[HACKERS] Sort of a planner regression 8.3-8.4 (due to EXISTS inlining) and related stuff

2010-05-16 Thread Andres Freund
Hi all,

After having received several reports of worse plans on 8.4 compared to 8.3 
and recently once more one from 'vaxerdec' on IRC I tried to investigate the 
difference.
Reducing the (large and ugly, automatically generated queries) to a 
reproducible testcase I ended up with the following pattern:

explain SELECT 1
   
FROM
c
WHERE
EXISTS (
SELECT *   
FROM a
JOIN b USING (b_id)
WHERE b.c_id = c.c_id)
AND c.value = 1;

8.3 planned this to:

  Index Scan using c_value_key on c  (cost=0.00..24.83 rows=1 width=0)
Index Cond: (value = 1)
Filter: (subplan)
SubPlan
  -  Nested Loop  (cost=0.00..16.56 rows=1 width=12)
-  Index Scan using b__c_id on b  (cost=0.00..8.27 rows=1 
width=8)
  Index Cond: (c_id = $0)
-  Index Scan using a__b_id on a  (cost=0.00..8.27 rows=1 
width=8)
  Index Cond: (a.b_id = b.b_id)

Which is quite good for such a kind of query.

From 8.4 onwards this gets planned to 

  Nested Loop Semi Join  (cost=1543.00..7708.29 rows=1 width=0)
Join Filter: (c.c_id = b.c_id)
-  Index Scan using c_value_key on c  (cost=0.00..8.27 rows=1 width=4)
  Index Cond: (value = 1)
-  Hash Join  (cost=1543.00..7075.02 rows=5 width=4)
  Hash Cond: (b.b_id = a.b_id)
  -  Seq Scan on b  (cost=0.00..2164.01 rows=150001 width=8)
  -  Hash  (cost=722.00..722.00 rows=5 width=4)
-  Seq Scan on a  (cost=0.00..722.00 rows=5 width=4)

which is the near-equivalent (with s/Semi/IN/) what 8.3 produces for the above 
query with IN instead of EXISTS.

This kind of plan obviously is horrid.

The behavioral change was introduced in Tom's initial commit to support Semi 
Joins Implement SEMI and ANTI joins in the planner and executor. from 
2008-08-14 (I tried the commits before and after). 
Seeing that 8.3 didn't inline EXISTS but IN and showed the bad plan with IN 
its pretty evident that the inlining is the problem and not the patch itself.

Unsurprisingly 8.4 produces a similar plan to 8.3 if one uses a volatile 
function or a OFFSET 0 as that stops inlining.

Two questions:
1. Is there a reason this cannot be optimized?
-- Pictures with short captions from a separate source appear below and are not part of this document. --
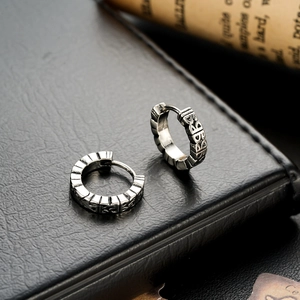 Vintage punk hoop earrings in blackened steel finish with embossed letter pattern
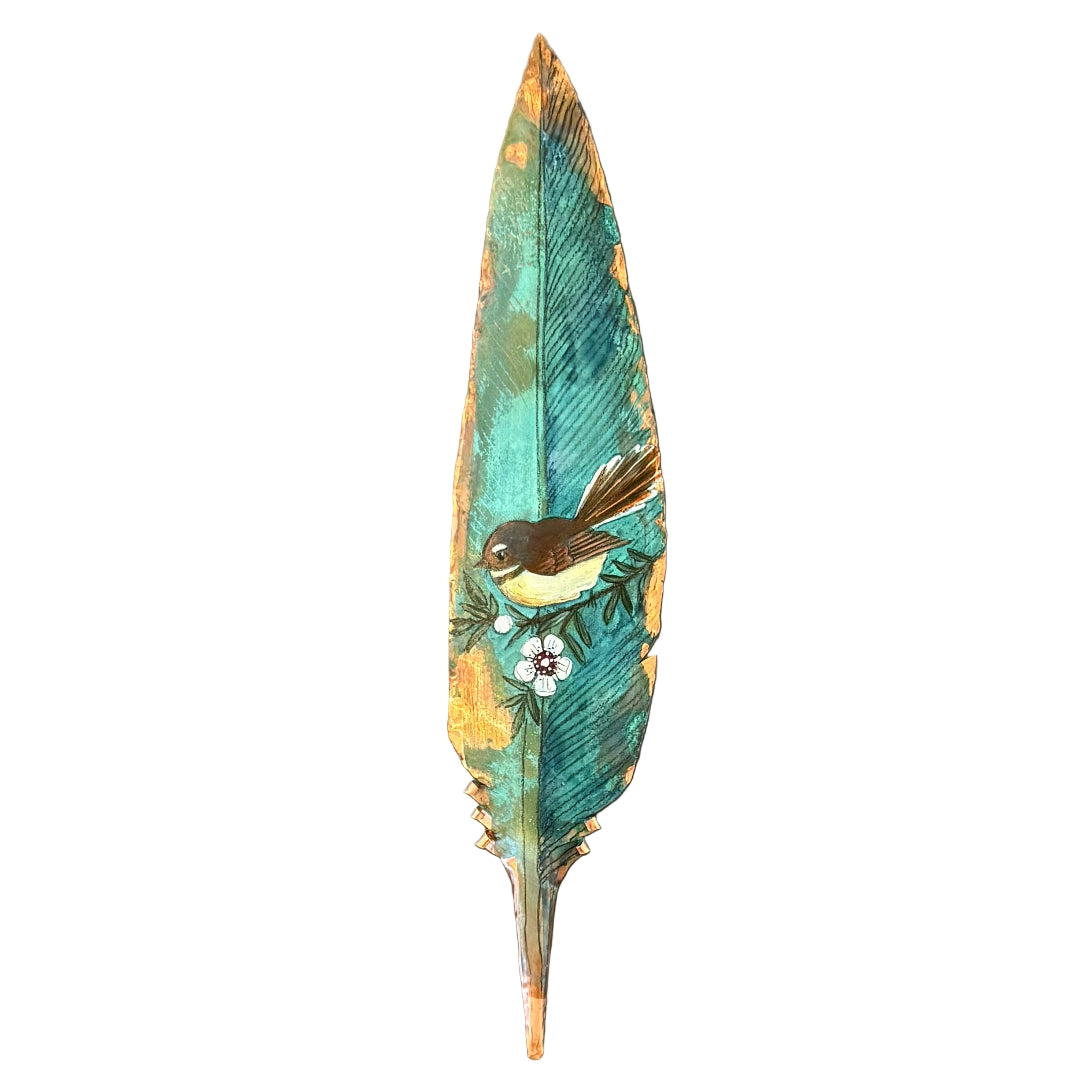 Decorative copper feather with a painted Fantail bird on a white background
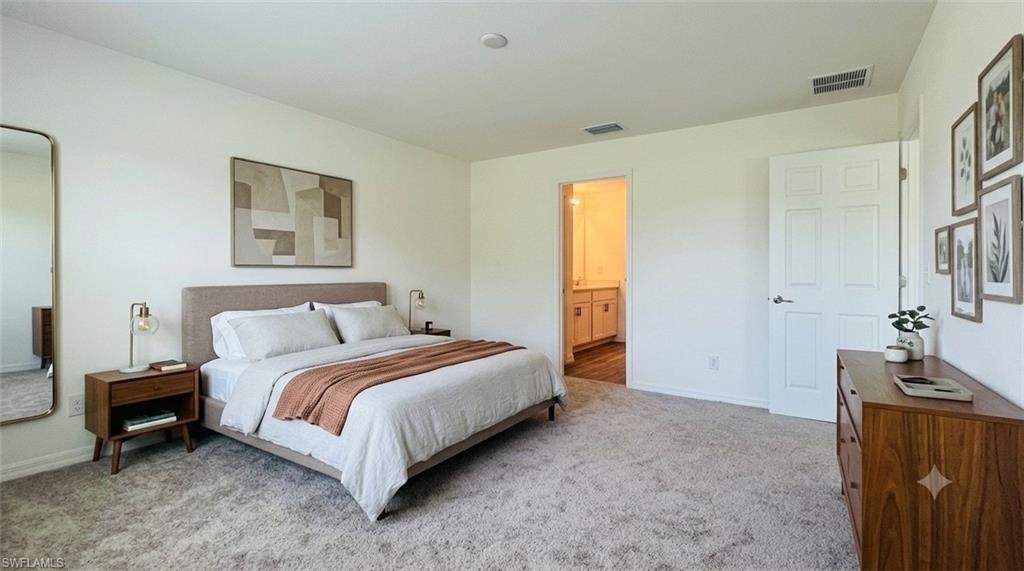 Spacious bedroom featuring plush carpeting, a multi-panel interior door, and an entryway to a full bathroom with a vanity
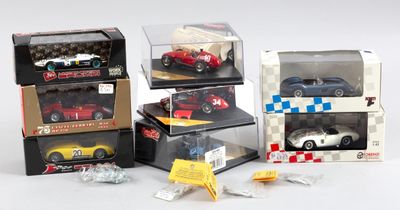 Plusieurs petites voitures sont exposées dans une vitrine posée sur une surface blanche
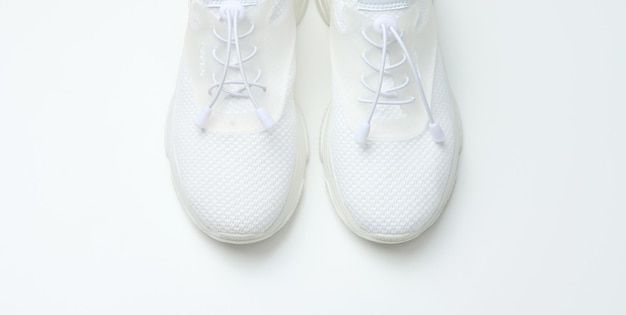white textile sneakers on a white background top view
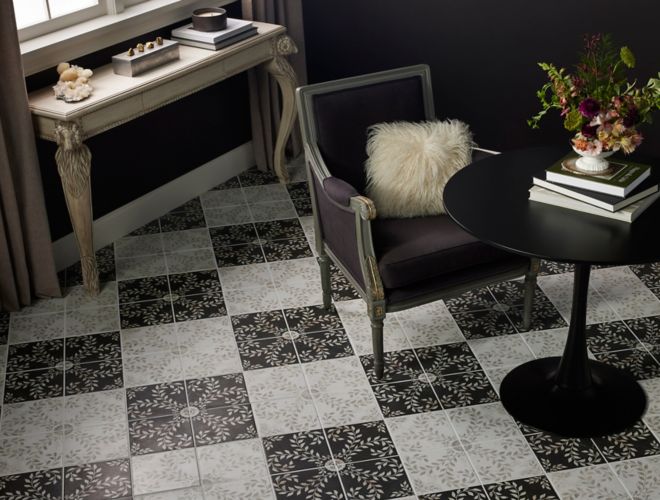 Black and White patterned porcelain tiles making creating a checkerboard floor with a lounge chair and small circular table.
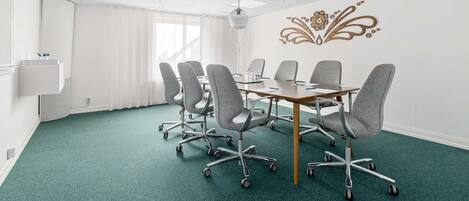 A conference room with a green carpet, white walls, and a decorative wall piece.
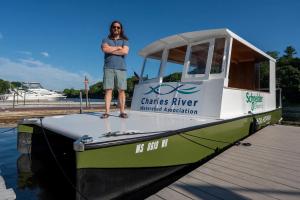 Drew Rollert stands with arms crossed on the deck of Just Get On, Wada Hoppah's green-and-white electric ferry, docked on the Charles River.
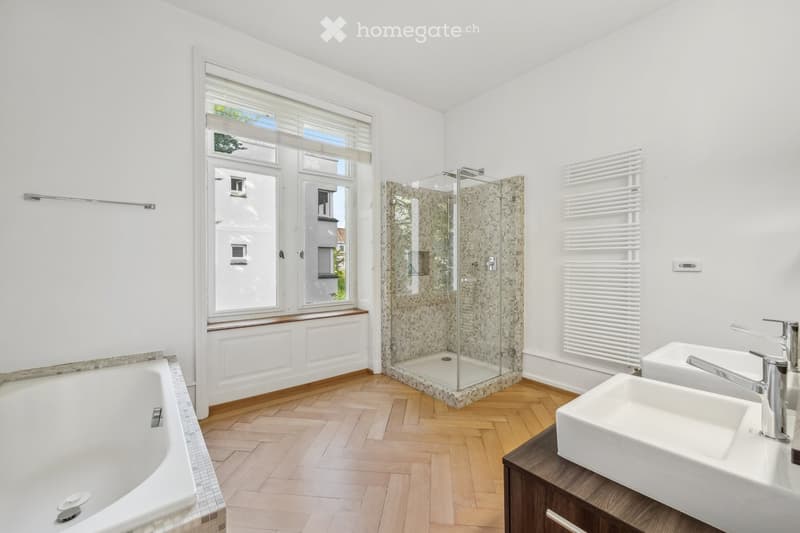 Modern bathroom with a white bathtub, double sink vanity, glass-enclosed shower, and a radiator. The room features wooden flooring and large windows with blinds.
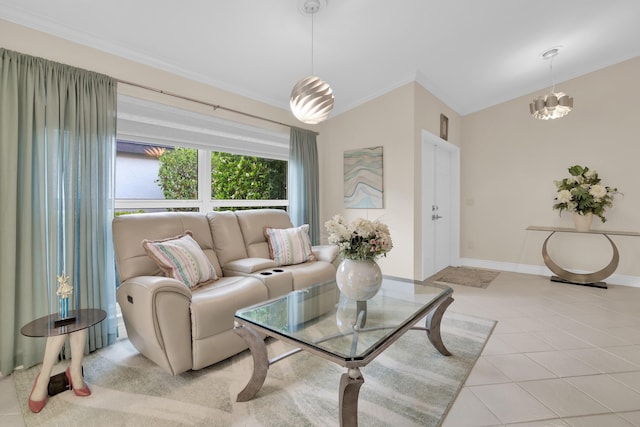 living room with ornamental molding, light tile patterned floors, baseboards, and a chandelier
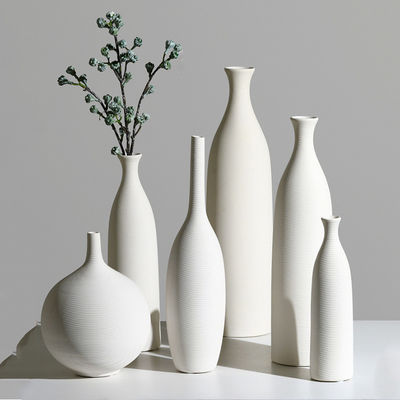 Add a Touch of Sophistication to Your Home with this White Ceramic Tabletop Vase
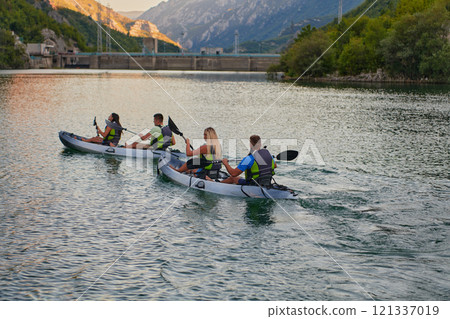 A group of friends enjoying having fun and kayaking while exploring the calm river, surrounding forest and large natural river canyons 121337019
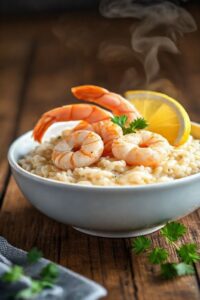 Risoto de camarão cremoso em tigela branca com camarões rosados, arroz arbóreo perfeito e decorado com salsa fresca - prato principal sofisticado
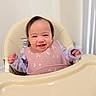baby, high_chair, smiling, bib, pink, lavender, long_sleeve, happy, child, indoor, face, person, cute, hair, seat, feeding, infant, clothing, portrait, home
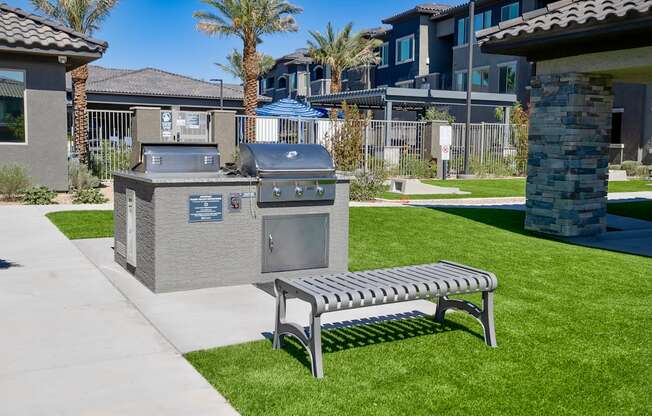 Bench and Gas BBQ grills near pool, game area and ramada.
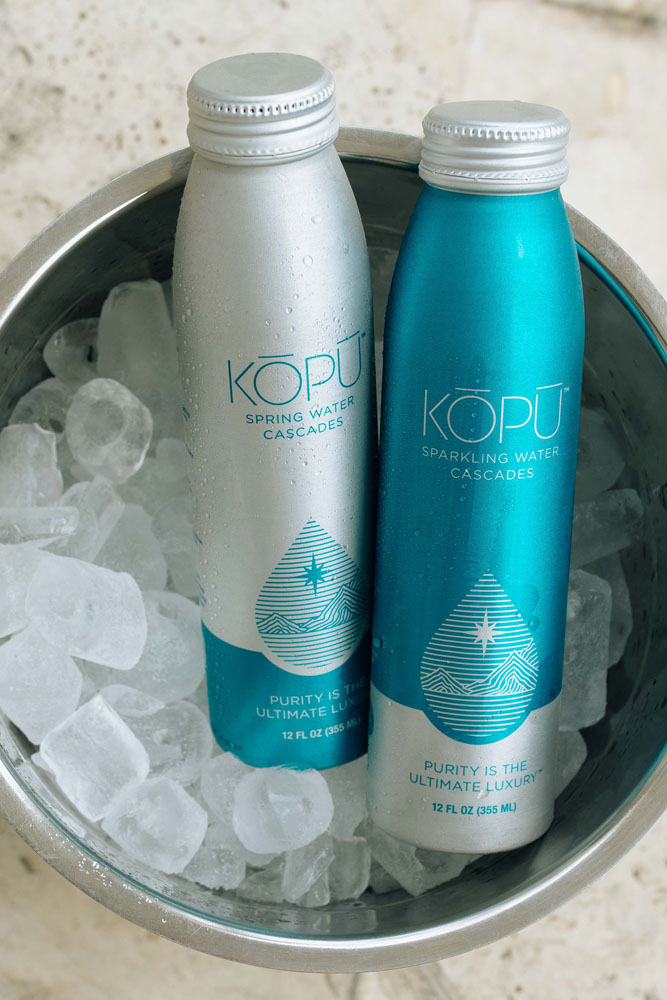KOPU sparkling and spring water aluminum cans in bucket of ice.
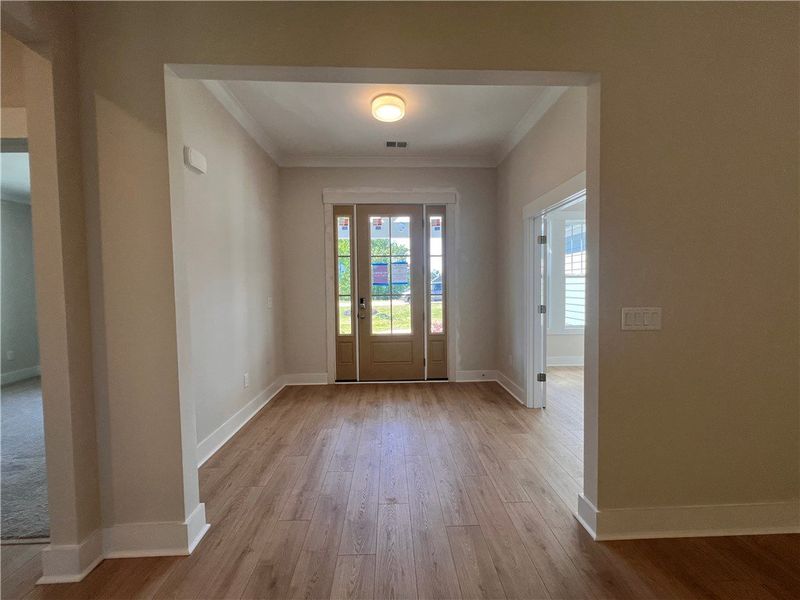 Step into this inviting entryway, featuring durabl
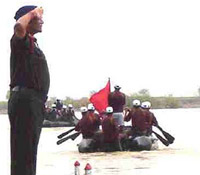 Lt Gen PK Singh, GOC, Vajra Corps, takes the salute from the passing rafts in an expedition in the Beas at Mirhal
In the semi join case it 
doesn't seem to be *that* complex to push down qualifiers resulting in a plan 
like:


Nested Loop Semi Join
   - Index Scan using c_value_key on c
Index Cond: (value = 1)
   - Nested Loop
   - Index Scan using b__c_id on b
Index Cond: (b.c_id = c.c_id)
   - Index Scan using a__b_id on a
Index Cond: (a.b_id = b.b_id)

or, a bit more complex:

Nested Loop Semi Join
  -  Nested Loop Semi Join
-  Index Scan using c_value_key on c
  Index Cond: (value = 1)
-  Index Scan using b__c_id on b
  Index Cond: (b.c_id = c.c_id)
  -  Index Scan using a__b_id on a
Index Cond: (a.b_id = b.b_id)


2. I can construct several cases off the top of my head where avoiding 
inlining might yield significantly better plans unless variables are pushed 
down more aggressively into EXISTS/IN. While it would solve this issue I doubt 
that generating a separate path without inlining is viable (code complexity, 
plantime)?


I thinks its pretty annoying to have so much worse plans in 8.4 than earlier 
in relatively obvious queries, but I don't see any good, low-impact fix?

Greetings,

Andres

PS: Tom: Do you like to get directly addressed on bugs/mails like this one 
or not? I am not really sure whats the policy regarding that is on the pg 
mailinglists. Is there one?

-- 
Sent via pgsql-hackers mailing list (pgsql-hackers@postgresql.org)
To make changes to your subscription:
http://www.postgresql.org/mailpref/pgsql-hackers


Re: [HACKERS] Sort of a planner regression 8.3-8.4 (due to EXISTS inlining) and related stuff

2010-05-16 Thread Andres Freund
Testschema:

ROLLBACK;
BEGIN;

CREATE TABLE a (
a_id serial PRIMARY KEY NOT NULL,
b_id integer
);
CREATE INDEX a__b_id ON a USING btree (b_id);


CREATE TABLE b (
b_id serial NOT NULL,
c_id integer
);
CREATE INDEX b__c_id ON b USING btree (c_id);


CREATE TABLE c (
c_id serial PRIMARY KEY NOT NULL,
value integer UNIQUE
);

INSERT INTO b (b_id, c_id)
SELECT g.i, g.i FROM generate_series(1, 5) g(i);

INSERT INTO a(b_id)
SELECT g.i FROM generate_series(1, 5) g(i);

COMMIT;
ANALYZE;

-- 
Sent via pgsql-hackers mailing list (pgsql-hackers@postgresql.org)
To make changes to your subscription:
http://www.postgresql.org/mailpref/pgsql-hackers


Re: [HACKERS] Sort of a planner regression 8.3-8.4 (due to EXISTS inlining) and related stuff

2010-05-16 Thread Robert Haas
On Sun, May 16, 2010 at 7:07 PM, Andres Freund and...@anarazel.de wrote:
 Reducing the (large and ugly, automatically generated queries) to a
 reproducible testcase I ended up with the following pattern:

 explain SELECT 1
 FROM
    c
 WHERE
    EXISTS (
        SELECT *
        FROM a
            JOIN b USING (b_id)
        WHERE b.c_id = c.c_id)
    AND c.value = 1;

 8.3 planned this to:

  Index Scan using c_value_key on c  (cost=0.00..24.83 rows=1 width=0)
    Index Cond: (value = 1)
    Filter: (subplan)
    SubPlan
      -  Nested Loop  (cost=0.00..16.56 rows=1 width=12)
            -  Index Scan using b__c_id on b  (cost=0.00..8.27 rows=1
 width=8)
                  Index Cond: (c_id = $0)
            -  Index Scan using a__b_id on a  (cost=0.00..8.27 rows=1
 width=8)
                  Index Cond: (a.b_id = b.b_id)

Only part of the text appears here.